Listed records Block Start

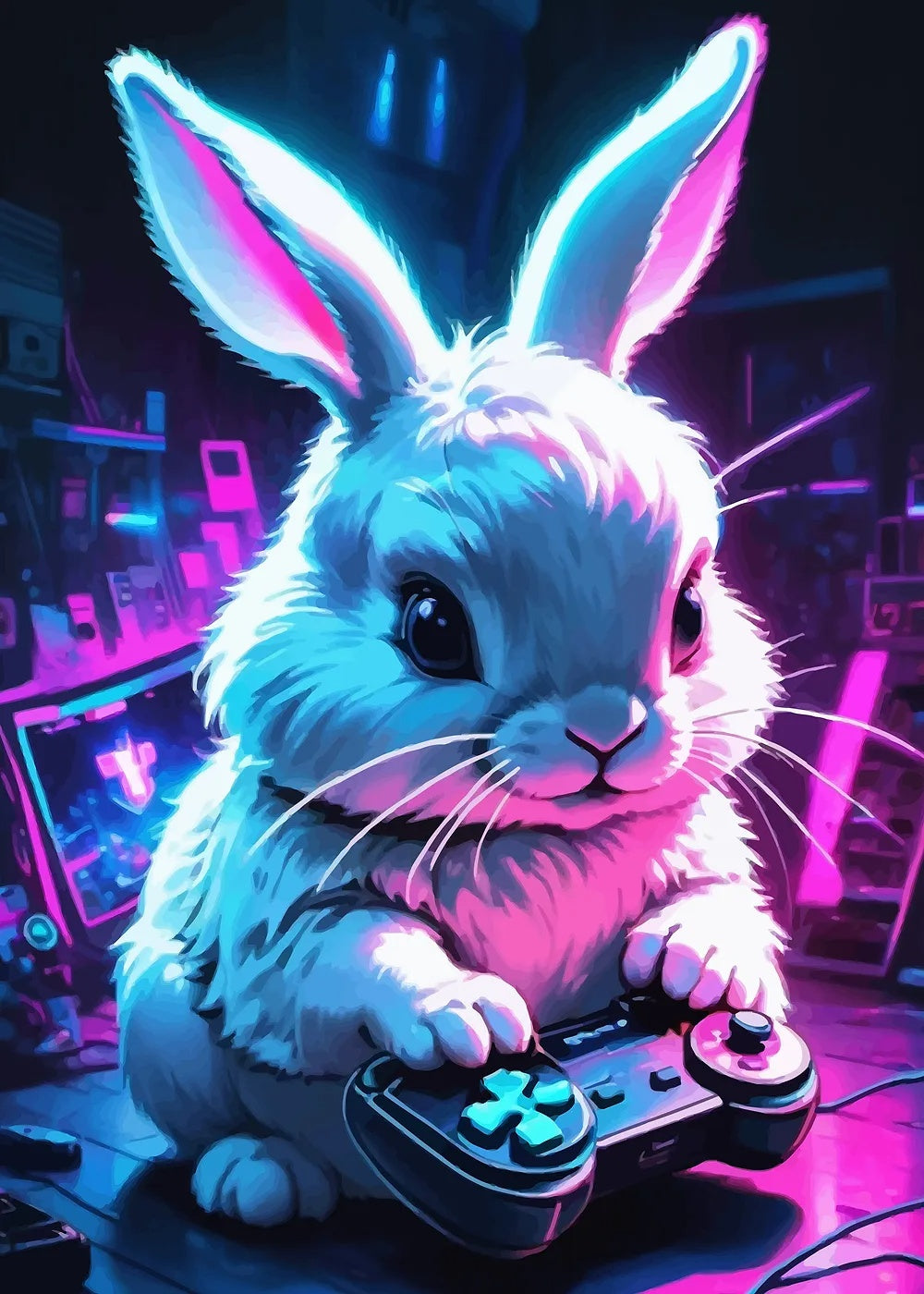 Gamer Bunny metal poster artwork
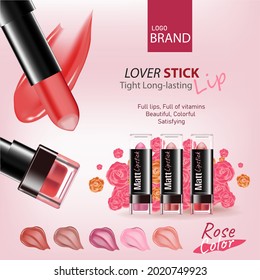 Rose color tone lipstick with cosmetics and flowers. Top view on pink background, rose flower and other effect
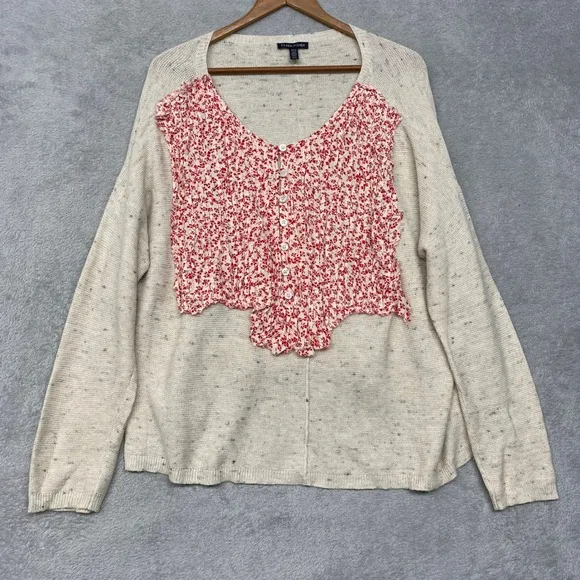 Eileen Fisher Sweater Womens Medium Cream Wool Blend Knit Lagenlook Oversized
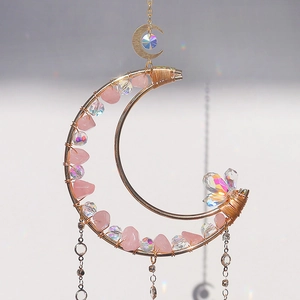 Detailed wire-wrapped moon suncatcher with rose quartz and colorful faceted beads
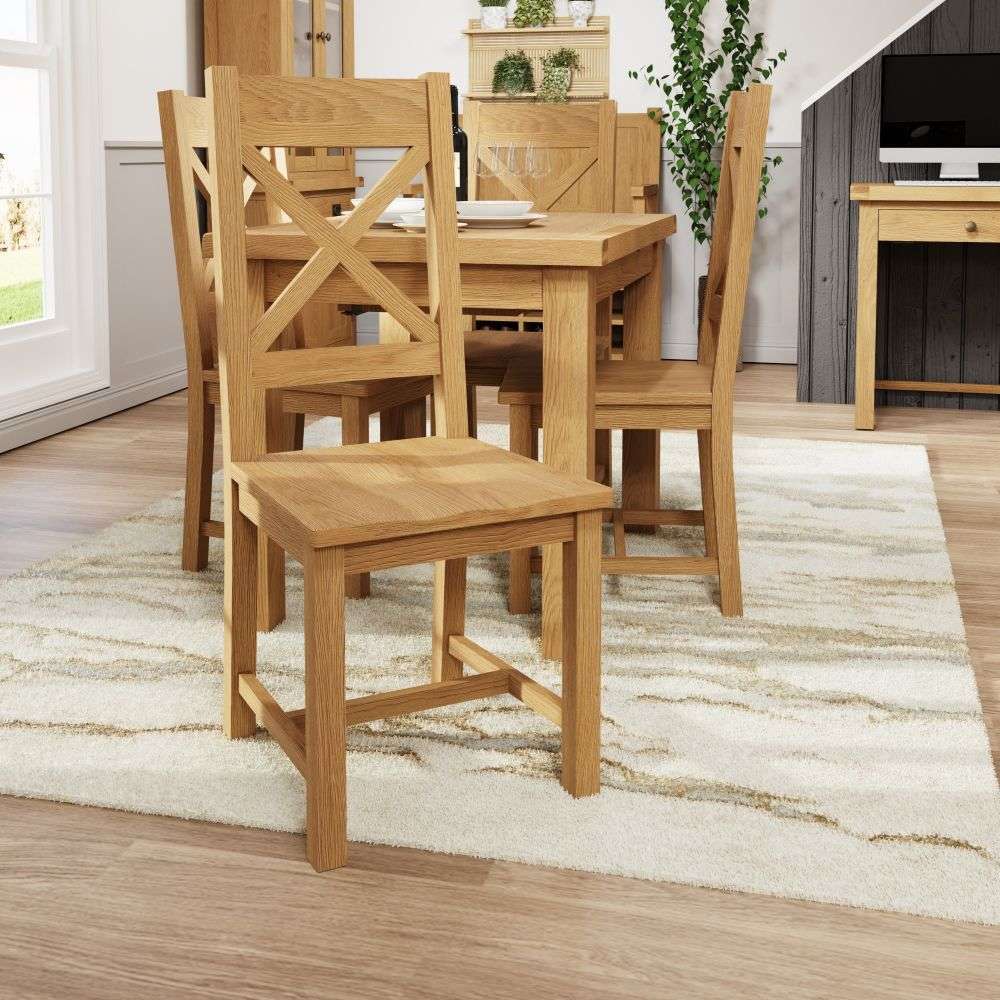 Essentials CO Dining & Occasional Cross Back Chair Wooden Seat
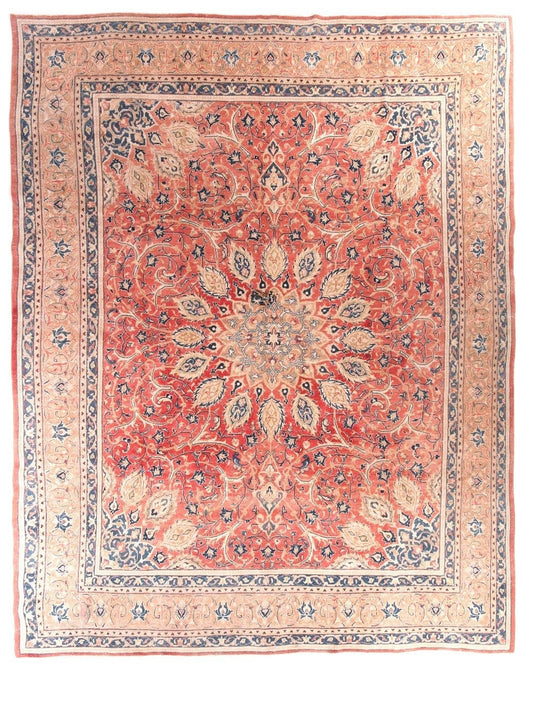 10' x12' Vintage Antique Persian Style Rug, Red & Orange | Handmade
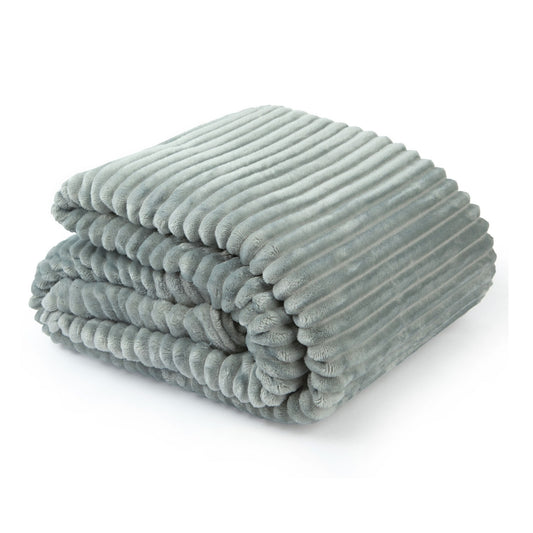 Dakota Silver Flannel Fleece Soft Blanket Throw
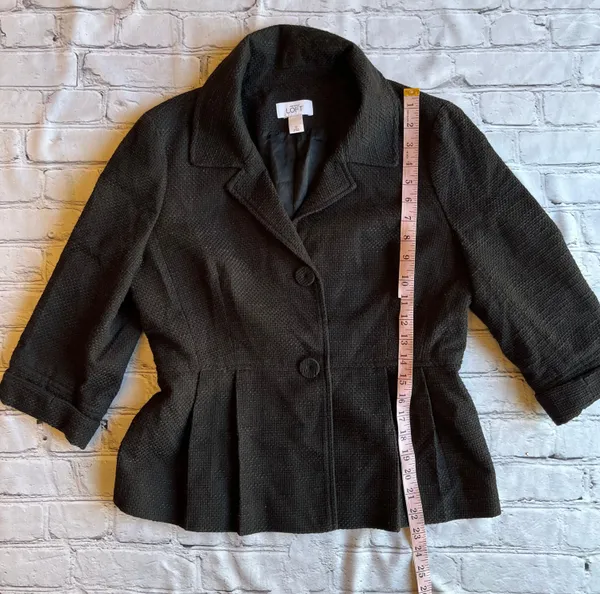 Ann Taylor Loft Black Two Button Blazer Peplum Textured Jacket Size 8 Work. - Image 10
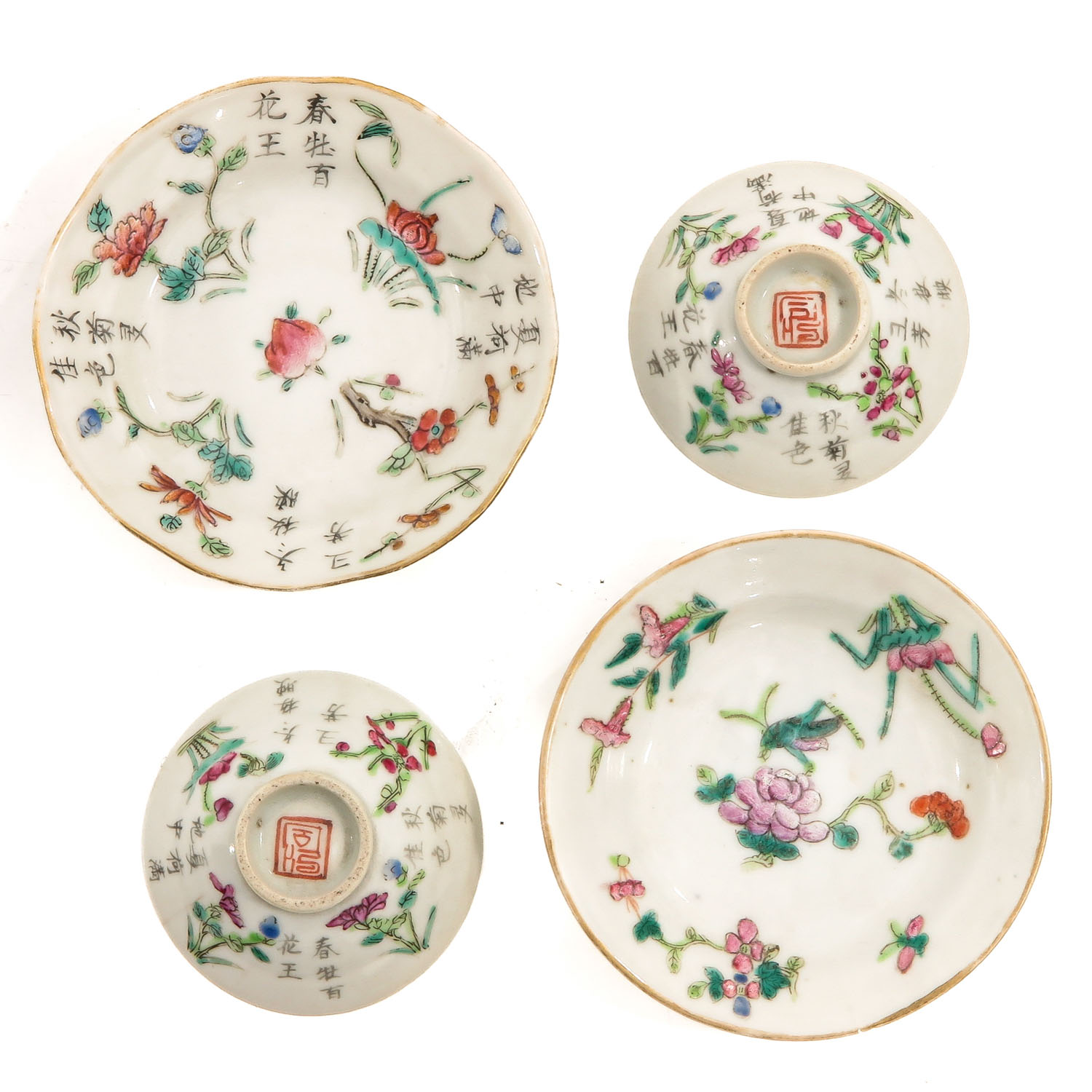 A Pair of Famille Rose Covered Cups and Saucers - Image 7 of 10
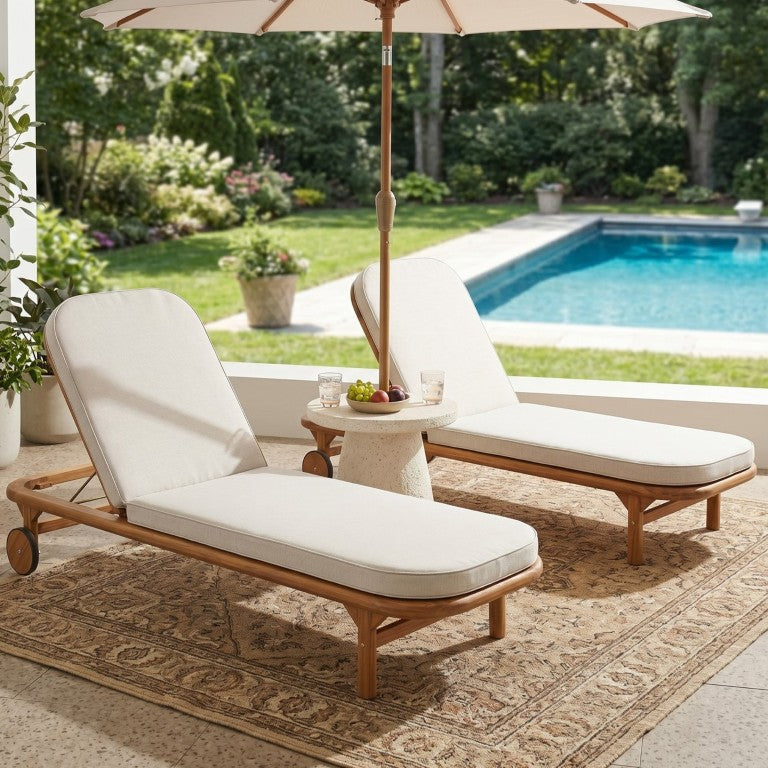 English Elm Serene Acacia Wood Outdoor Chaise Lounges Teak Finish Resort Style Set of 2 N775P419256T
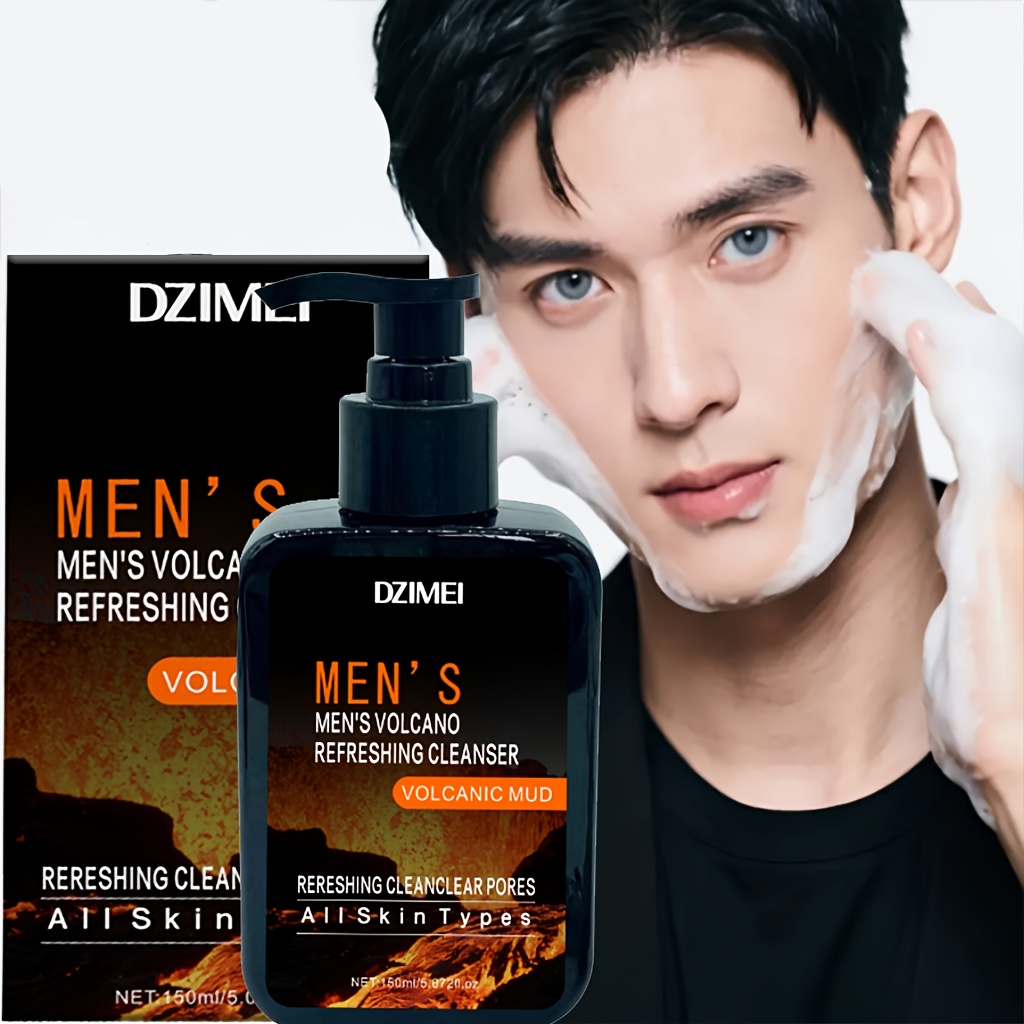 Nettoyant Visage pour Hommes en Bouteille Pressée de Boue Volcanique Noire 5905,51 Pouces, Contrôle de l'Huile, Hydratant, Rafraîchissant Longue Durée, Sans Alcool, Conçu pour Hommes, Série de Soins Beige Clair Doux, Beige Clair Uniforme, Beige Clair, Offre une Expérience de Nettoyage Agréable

Listed records Block End

- [The problem] Retype the lines above exactly as they appear, from the line containing "Detailed wire-wrapped moon" through the line containing "English Elm Serene", and leave out any pictures.

- [Written answer]
 Detailed wire-wrapped moon suncatcher with rose quartz and colorful faceted beads
 Essentials CO Dining & Occasional Cross Back Chair Wooden Seat
 10' x12' Vintage Antique Persian Style Rug, Red & Orange | Handmade
 Dakota Silver Flannel Fleece Soft Blanket Throw
 Ann Taylor Loft Black Two Button Blazer Peplum Textured Jacket Size 8 Work. - Image 10
 A Pair of Famille Rose Covered Cups and Saucers - Image 7 of 10
 English Elm Serene Acacia Wood Outdoor Chaise Lounges Teak Finish Resort Style Set of 2 N775P419256T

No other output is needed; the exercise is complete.